Es ist ganz klar: Die Grenze verläuft beim Extremismus.

Wie meinen Sie das?

Eine linke Einstellung zu haben, ist in Deutschland genauso legitim wie eine rechte Einstellung zu haben. Doch politisch extreme Haltungen haben im Sicherheitsapparat, im öffentlichen Dienst und erst recht in den Sicherheitsbehörden, nichts zu suchen. Das ist, finde ich, sonst brandgefährlich – sowohl von links noch von rechts. In aller Deutlichkeit: Die Bedrohung für dieses Land kommt aber ganz klar von rechts.

Trotzdem fühlen sich Polizisten gut aufgehoben in der AfD.

Das würde ich so nicht sagen. Sicher gibt es auch einzelne, die in eine solche Richtung tendieren. Aber die Beamten, die ich in der Polizei kennengelernt habe, stehen mit beiden Beinen auf dem Boden der Freiheitlich Demokratischen Grundordnung. Und die sind bei 230.000 Menschen aus meiner Wahrnehmung in der sehr überwiegenden Mehrheit.

Gegenwärtig gibt es viele Schlagzeilen rund um das Thema Spionage. Ist die deutsche Polizei da ausreichend gewappnet?

Wir arbeiten daran.

Bedeutet?

Das hat viel mit dem richtigen Personal und den ausreichenden Sachmitteln zu tun. Damit, dass wir gut verstehen, welche Bedrohungen es gibt und wie wir uns dagegen wehren. Und natürlich brauchen wir dafür auch die besten Köpfe. Der Kampf um die junge Generation, dass wir als Polizei – die Polizeien im Bund und in den Ländern – ein attraktiver Arbeitgeber bleiben, ist nicht einfach.

Wollen die jungen Menschen keine Schichtdienste mehr machen und weniger arbeiten?

Die Polizeien müssen ein gutes Angebot an junge Menschen machen. Und das wissen sie auch.

Bei den Sicherheitsdiensten hieß es, zugespitzt ausgedrückt, über Jahre: Wenn eine Cyberattacke um 17 Uhr an einem Freitag kommt, wird sie bis Montagmorgen nicht bekämpft.

Ich denke, da ist die Polizei wachsam. Ich bin kein Polizist, sondern der Polizeibeauftragte.

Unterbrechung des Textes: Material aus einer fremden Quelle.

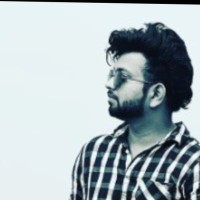 Jayant Sharma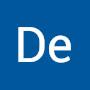 @defade3661
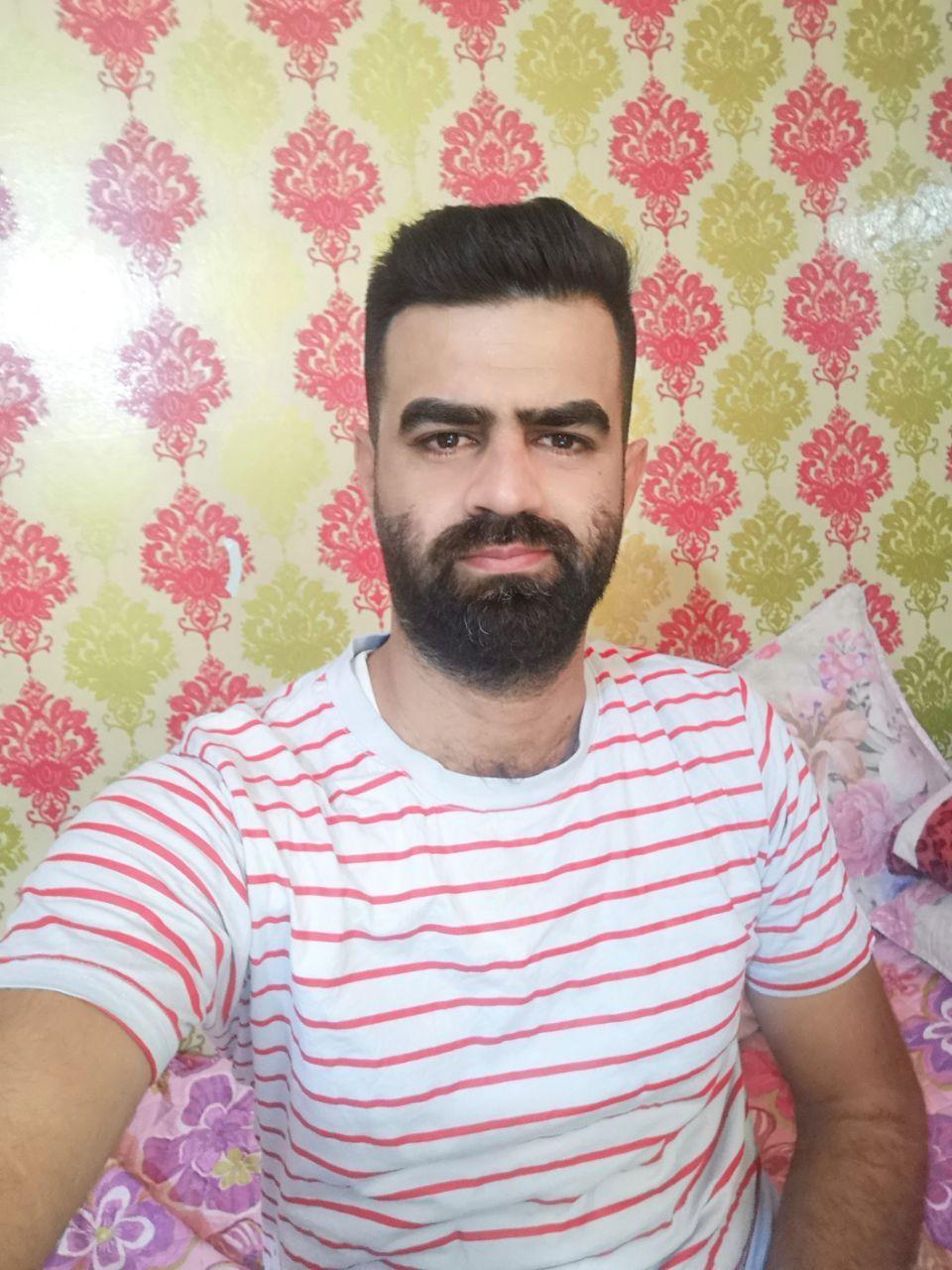 default image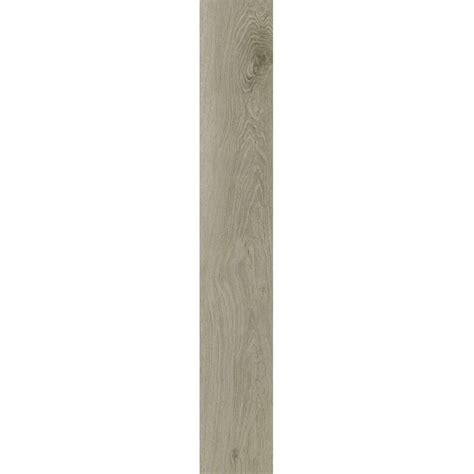 Sherwood Light Grey Wood Effect Rigid Core Luxury Vinyl Tile Plank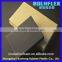 Cheap Foam Board Insulation Material Factory Price/Insulation Sheet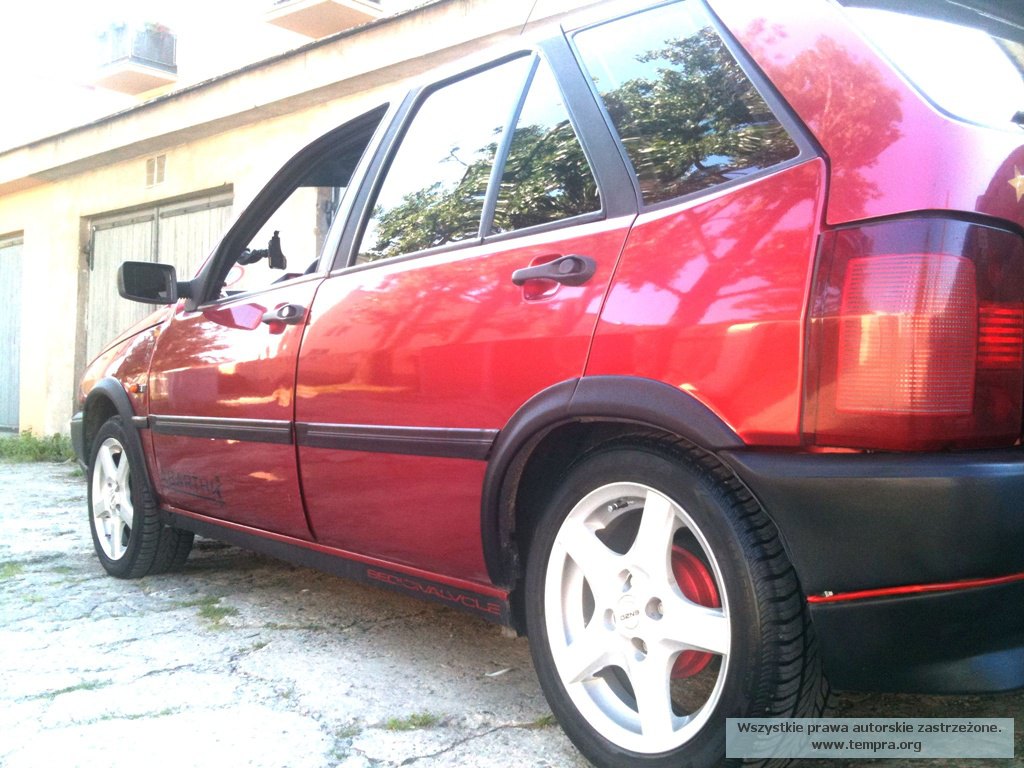Lasgo07_1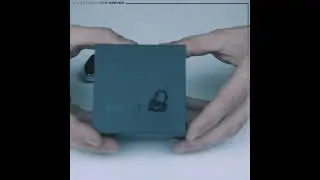 Keyless Go Diebstahlschutz: So schützen Sie Ihr Auto gegen Diebe. #keylessgo
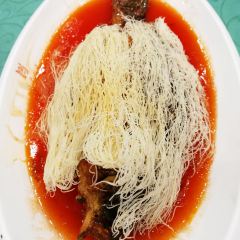 HUANG'S RESTAURANT User Photo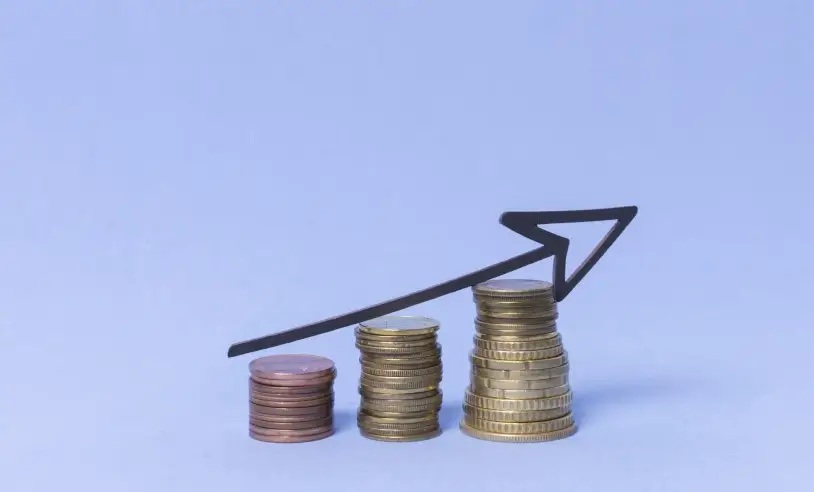 Vendas dos pequenos negócios no comércio eletrônico crescem 76% em três anos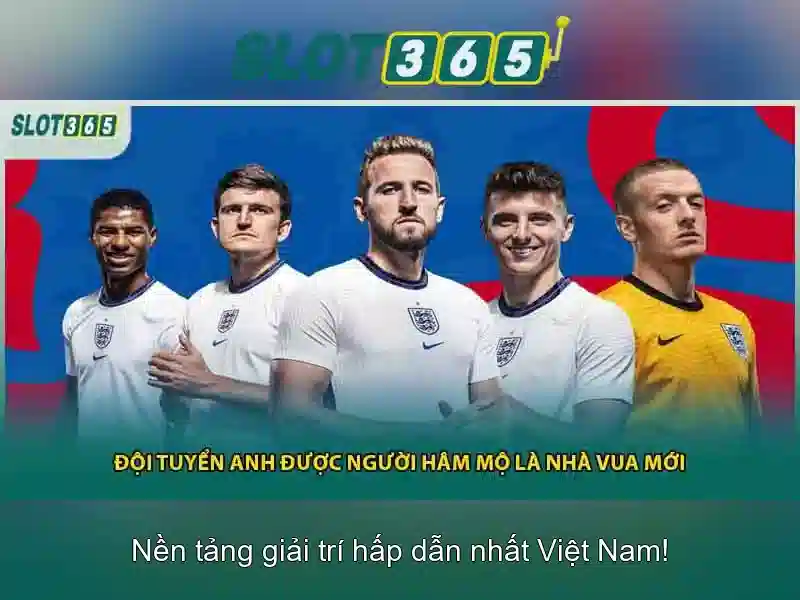 An toàn và hỗ trợ khách hàng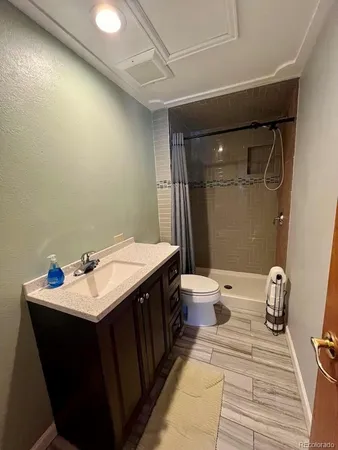 $137,000 | 1400 South Collyer Street, Longmont, CO 80501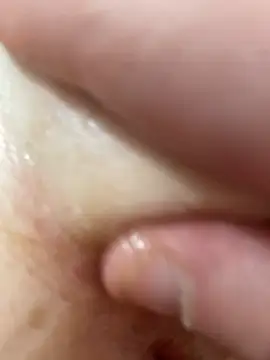 Snapshot of anthonyjoness1 chatting on 01.17.25 anthonyjoness1 online show from 01.17.25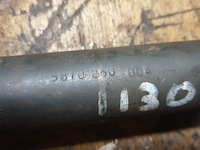 Partij speciaalgereedschap zf aandrijftechniek en daf motoren - afbeelding 30 van  31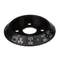 Cadco MN1060A0 Dial T-Stat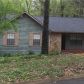 5320 Nathan Drive Nw, Lilburn, GA 30047 ID:13957670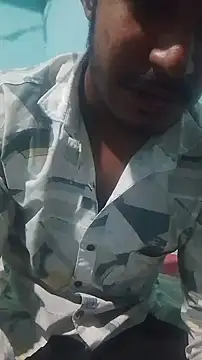 Snapshot of Najmulhaqe66 chatting on 07/15/26, 02:46 Najmulhaqe66 online show from 07/15/26, 02:46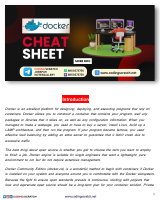 Docker Cheat Sheet.pdf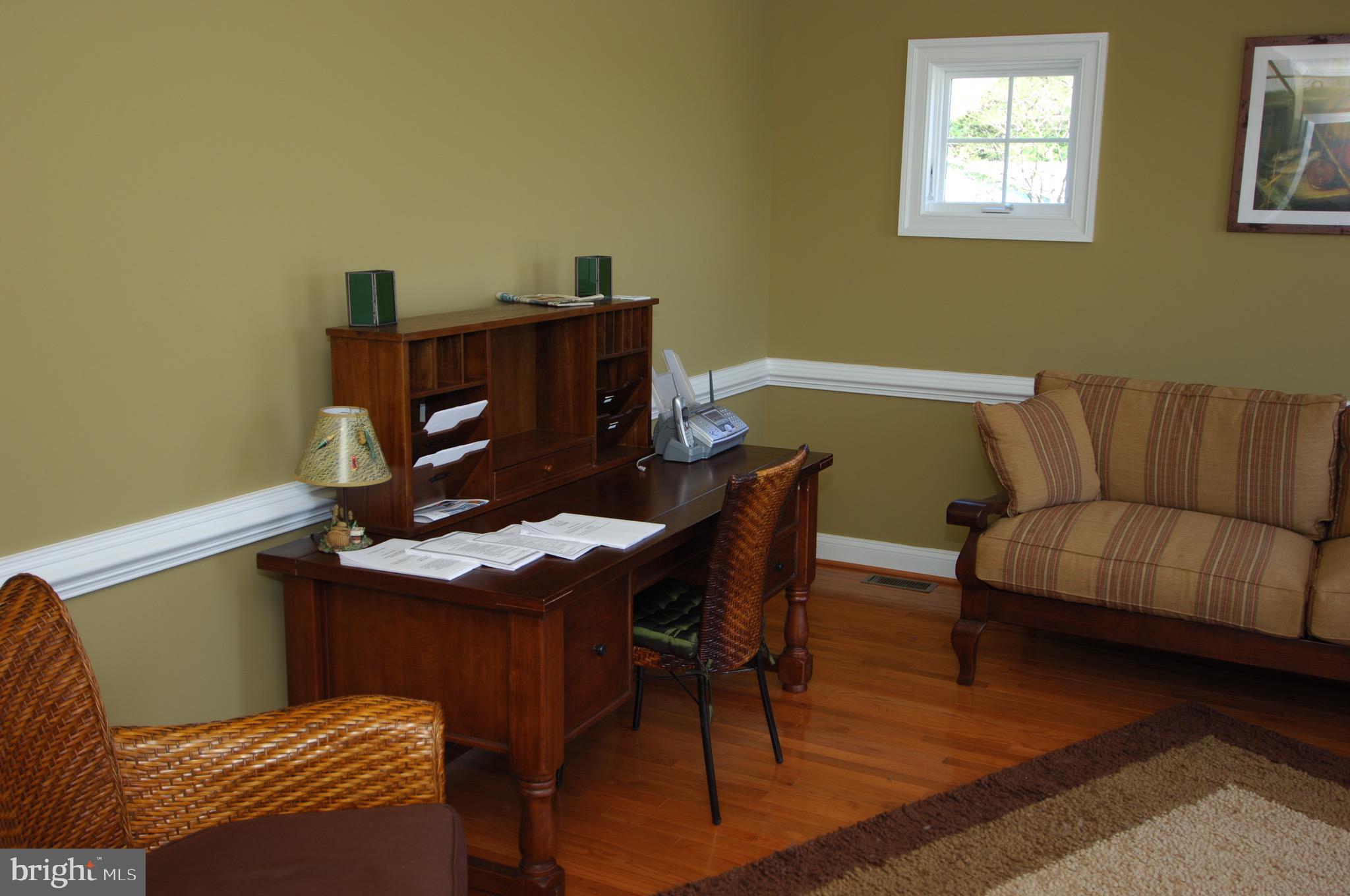 560 Riverside Drive Lancaster, VA 22503 - Photo 38 of 47 Gallery Image 38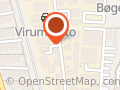Virum Auto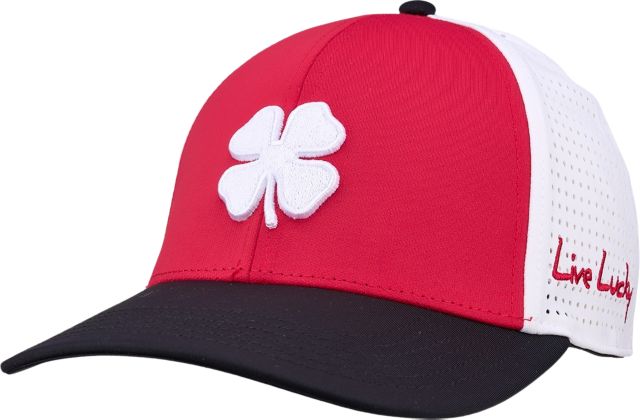 Washington State University Adjustable Cap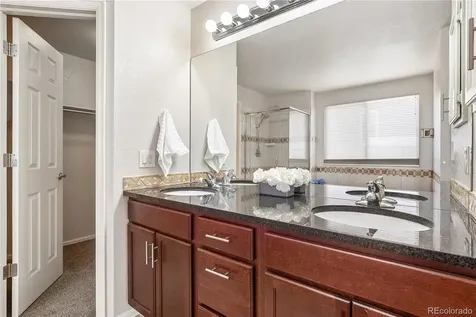 11054 W Caley Avenue Littleton CO 80127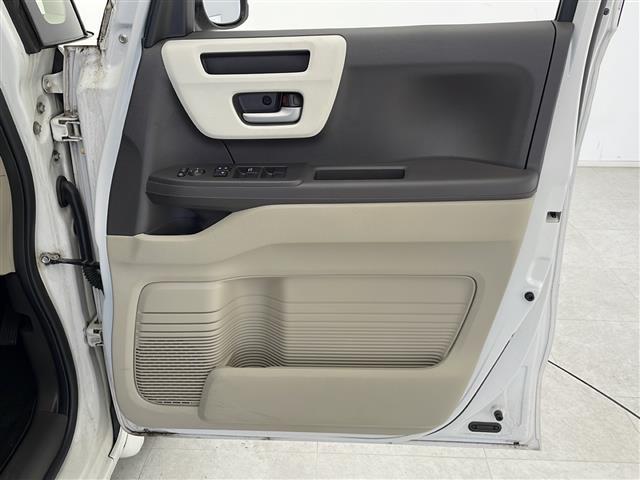 N-BOX G・EXホンダセンシング 純正ナビ AM/FM/CD/DVD/BT/USB フルセグTV レーダークルーズコントロール レーンキープアシスト 衝突被害軽減ブレーキ 両側パワスラ LEDヘッドライト ビルトインETC(24枚目)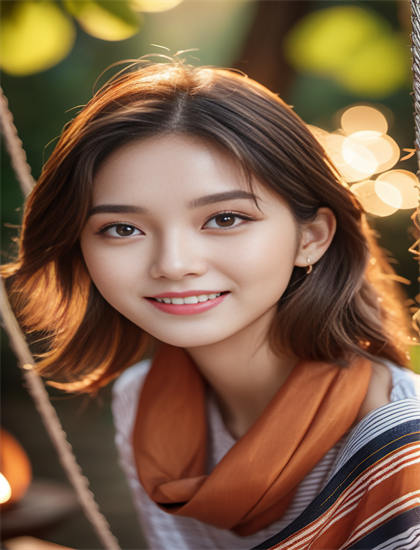 黑月隐藏彩蛋发现指南：细节与彩蛋寻找攻略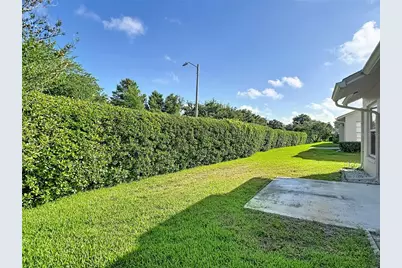 11543 Orleans Lane, Port Richey, FL 34668 - Photo 36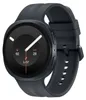 Samsung Galaxy Watch 9 Anteprima dell’immagine prodotto 1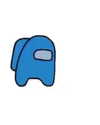 candy_balll Altpins Profile Picture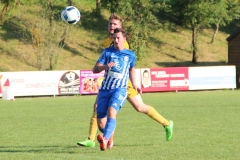 2016-08-28 - UA59 vs. Herzogsdorf 41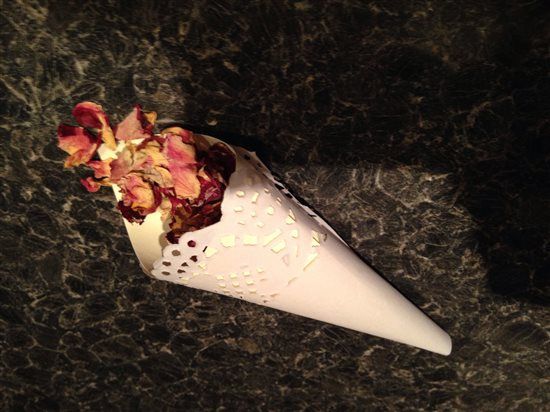 Wedding DIY is taking over my life lol! Anyone else? 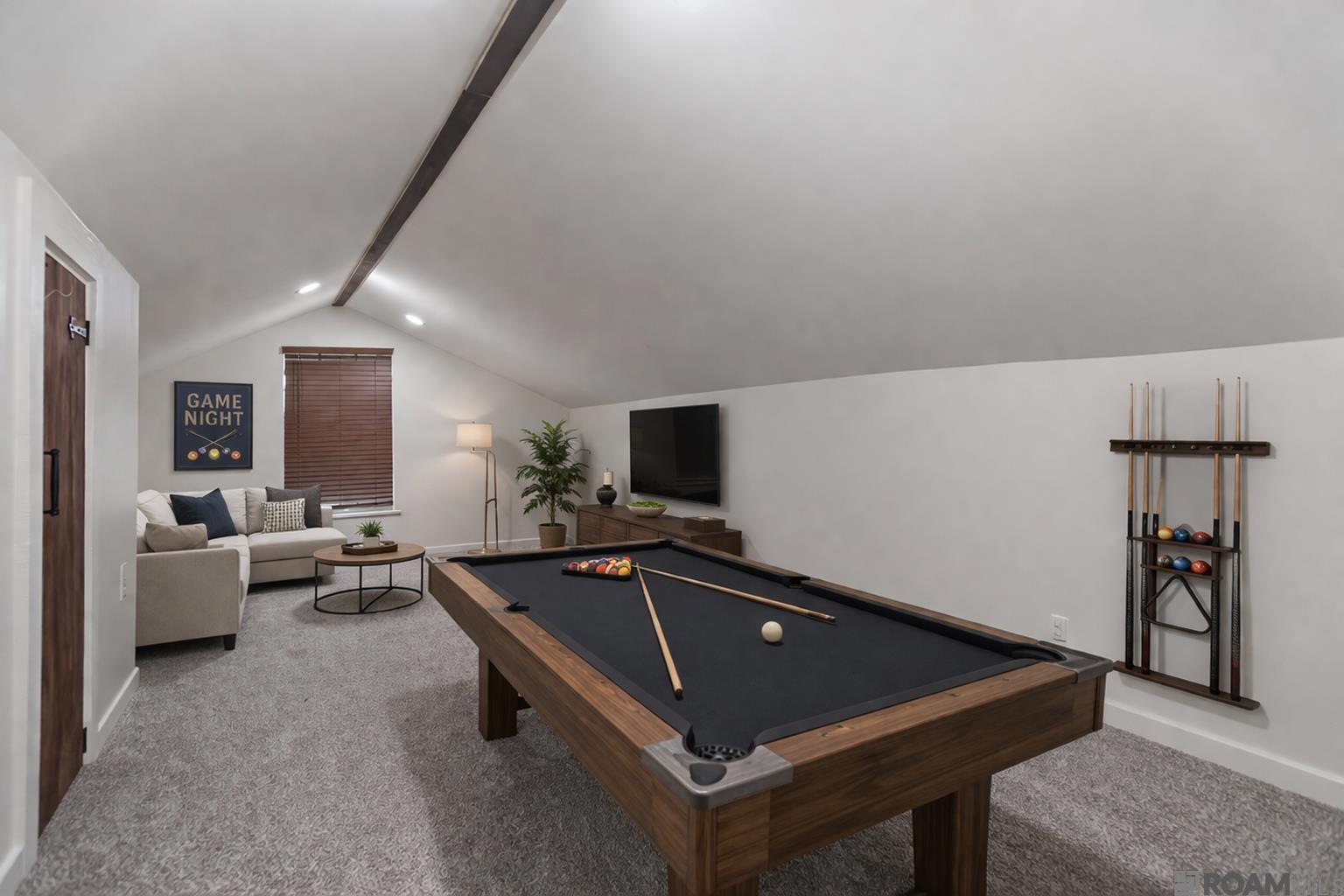 1449 Broadmoor Ct, Baton Rouge, LA, 70815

Aber ja, natürlich ist das eine Gefahr und damit auch eine Herausforderung für die Sicherheitsbehörden.

Grötsch fordert auch mit Blick auf den Sturm aufs Kapitol einen klaren Rechtsrahmen für die Bundestagspolizei, sollte es hierzulande zu einer ähnlichen Situtation kommen.
Grötsch fordert auch mit Blick auf den Sturm aufs Kapitol einen klaren Rechtsrahmen für die Bundestagspolizei, sollte es hierzulande zu einer ähnlichen Situtation kommen. © DPA Images | Miguel Juarez Lugo

Was sind die größten Baustellen bei der Polizei, die Sie sehen?

Ich mache mir jetzt ein Gesamtbild, bin dafür mit vielen im Austausch. Aber nur ein Beispiel: Die Polizei des Deutschen Bundestages

…die den Reichstag beschützt.

Genau. Sollte es mal beim Reichstag so etwas geben wie den Sturm aufs Kapitol in Washington. Dann ist ja die Frage: Welche Rolle spielt die Bundestagspolizei? Stehen die im Gebäude und schauen aus dem Fenster? Oder dürfen die sich wehren? Und wenn ja: Wie? Ein klarer Rechtsrahmen für die Bundestagspolizei ist etwas, das es jetzt braucht.

Was sind Ihre Befugnisse, wie können Sie Druck ausüben, wenn sie konkrete Missstände entdecken?

Als Polizeibeauftragter führe ich eigene Untersuchungen zu Einzelfällen oder strukturellen Defiziten durch. Ich kann Akten anfordern, habe eine parallele Ermittlungsbefugnis zur Staatsanwaltschaft in Strafsachen. Allerdings möchte und darf ich den Staatsanwaltschaften nicht in die Quere kommen, darf also den Ermittlungserfolg nicht behindern. Daher werden wir uns in solchen Fällen gut absprechen. Und am Ende steht immer ein Abschlussbericht, der auf meiner Seite veröffentlicht wird. Und den ich dann dem Deutschen Bundestag übergebe.